» **Work request**
Pull out of the data below the stretch of lines bounded by the one containing "Ford Focus - 10" and the one containing "Haus Am See", both bounds included, unchanged.

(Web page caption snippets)

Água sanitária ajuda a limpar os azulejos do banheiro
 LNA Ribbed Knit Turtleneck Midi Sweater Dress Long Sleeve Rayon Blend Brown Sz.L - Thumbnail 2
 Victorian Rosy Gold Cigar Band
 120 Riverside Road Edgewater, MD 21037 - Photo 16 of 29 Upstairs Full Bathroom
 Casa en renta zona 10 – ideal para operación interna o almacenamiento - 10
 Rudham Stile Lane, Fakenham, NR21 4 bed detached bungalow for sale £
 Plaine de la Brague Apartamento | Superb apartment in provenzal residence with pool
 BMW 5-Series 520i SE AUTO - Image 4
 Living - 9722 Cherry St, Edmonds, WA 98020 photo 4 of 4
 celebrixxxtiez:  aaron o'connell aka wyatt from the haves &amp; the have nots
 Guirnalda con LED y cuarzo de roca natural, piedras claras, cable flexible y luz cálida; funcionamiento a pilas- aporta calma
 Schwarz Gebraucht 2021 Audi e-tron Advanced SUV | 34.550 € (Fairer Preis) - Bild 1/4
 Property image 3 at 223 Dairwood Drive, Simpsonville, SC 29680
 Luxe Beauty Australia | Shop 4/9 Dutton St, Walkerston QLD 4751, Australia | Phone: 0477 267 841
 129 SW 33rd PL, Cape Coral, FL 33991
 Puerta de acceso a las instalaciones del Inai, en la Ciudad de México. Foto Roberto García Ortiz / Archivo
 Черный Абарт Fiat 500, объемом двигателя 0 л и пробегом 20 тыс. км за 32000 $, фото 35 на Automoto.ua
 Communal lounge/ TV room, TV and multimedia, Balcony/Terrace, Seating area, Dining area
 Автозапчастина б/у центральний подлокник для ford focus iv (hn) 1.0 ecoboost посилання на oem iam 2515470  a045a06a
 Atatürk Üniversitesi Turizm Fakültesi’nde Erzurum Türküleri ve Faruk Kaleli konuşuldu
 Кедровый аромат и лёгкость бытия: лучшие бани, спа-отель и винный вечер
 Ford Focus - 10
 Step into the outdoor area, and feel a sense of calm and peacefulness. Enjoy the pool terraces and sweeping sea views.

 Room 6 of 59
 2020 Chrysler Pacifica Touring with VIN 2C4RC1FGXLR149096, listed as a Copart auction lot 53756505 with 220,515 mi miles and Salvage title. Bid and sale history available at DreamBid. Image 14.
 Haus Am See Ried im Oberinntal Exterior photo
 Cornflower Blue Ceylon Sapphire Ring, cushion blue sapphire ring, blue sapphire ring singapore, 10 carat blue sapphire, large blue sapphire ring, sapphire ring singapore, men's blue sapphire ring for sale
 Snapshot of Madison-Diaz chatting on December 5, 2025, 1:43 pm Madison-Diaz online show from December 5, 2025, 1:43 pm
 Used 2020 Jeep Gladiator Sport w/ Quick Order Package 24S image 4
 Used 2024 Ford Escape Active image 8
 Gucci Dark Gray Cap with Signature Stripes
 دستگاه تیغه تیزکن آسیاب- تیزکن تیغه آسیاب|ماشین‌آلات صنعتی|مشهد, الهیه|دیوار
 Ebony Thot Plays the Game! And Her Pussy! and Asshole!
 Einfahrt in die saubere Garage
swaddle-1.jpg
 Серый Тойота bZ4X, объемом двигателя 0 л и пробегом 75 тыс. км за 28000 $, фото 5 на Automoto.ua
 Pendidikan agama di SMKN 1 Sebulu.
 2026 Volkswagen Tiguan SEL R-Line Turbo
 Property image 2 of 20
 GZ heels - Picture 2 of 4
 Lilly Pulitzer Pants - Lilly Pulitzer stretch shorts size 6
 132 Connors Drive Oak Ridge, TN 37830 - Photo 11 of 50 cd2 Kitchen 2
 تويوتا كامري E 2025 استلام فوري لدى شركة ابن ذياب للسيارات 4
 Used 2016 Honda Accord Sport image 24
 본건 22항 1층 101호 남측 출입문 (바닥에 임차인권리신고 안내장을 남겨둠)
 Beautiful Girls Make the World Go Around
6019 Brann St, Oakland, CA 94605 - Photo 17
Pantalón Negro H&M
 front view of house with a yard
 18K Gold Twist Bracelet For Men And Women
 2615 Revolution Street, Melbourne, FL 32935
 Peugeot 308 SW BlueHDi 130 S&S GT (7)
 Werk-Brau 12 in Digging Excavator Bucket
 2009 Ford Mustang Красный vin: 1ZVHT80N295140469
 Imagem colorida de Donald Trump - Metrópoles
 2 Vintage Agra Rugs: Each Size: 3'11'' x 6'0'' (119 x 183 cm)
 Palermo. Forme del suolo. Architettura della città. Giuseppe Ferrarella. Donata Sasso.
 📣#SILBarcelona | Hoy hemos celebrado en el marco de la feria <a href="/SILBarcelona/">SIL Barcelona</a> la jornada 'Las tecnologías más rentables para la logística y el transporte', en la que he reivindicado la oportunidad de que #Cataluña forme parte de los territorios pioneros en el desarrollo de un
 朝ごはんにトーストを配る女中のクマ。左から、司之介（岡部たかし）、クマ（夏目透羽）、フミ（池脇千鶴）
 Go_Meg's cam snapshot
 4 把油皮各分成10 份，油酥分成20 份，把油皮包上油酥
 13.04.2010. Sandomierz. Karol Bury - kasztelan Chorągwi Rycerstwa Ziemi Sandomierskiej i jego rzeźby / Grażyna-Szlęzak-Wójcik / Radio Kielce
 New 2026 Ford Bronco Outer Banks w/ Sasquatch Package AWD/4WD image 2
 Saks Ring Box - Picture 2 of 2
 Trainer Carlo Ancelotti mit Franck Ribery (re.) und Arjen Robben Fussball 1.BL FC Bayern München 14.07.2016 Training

» **Exercise output**
 Ford Focus - 10
 Step into the outdoor area, and feel a sense of calm and peacefulness. Enjoy the pool terraces and sweeping sea views.

 Room 6 of 59
 2020 Chrysler Pacifica Touring with VIN 2C4RC1FGXLR149096, listed as a Copart auction lot 53756505 with 220,515 mi miles and Salvage title. Bid and sale history available at DreamBid. Image 14.
 Haus Am See Ried im Oberinntal Exterior photo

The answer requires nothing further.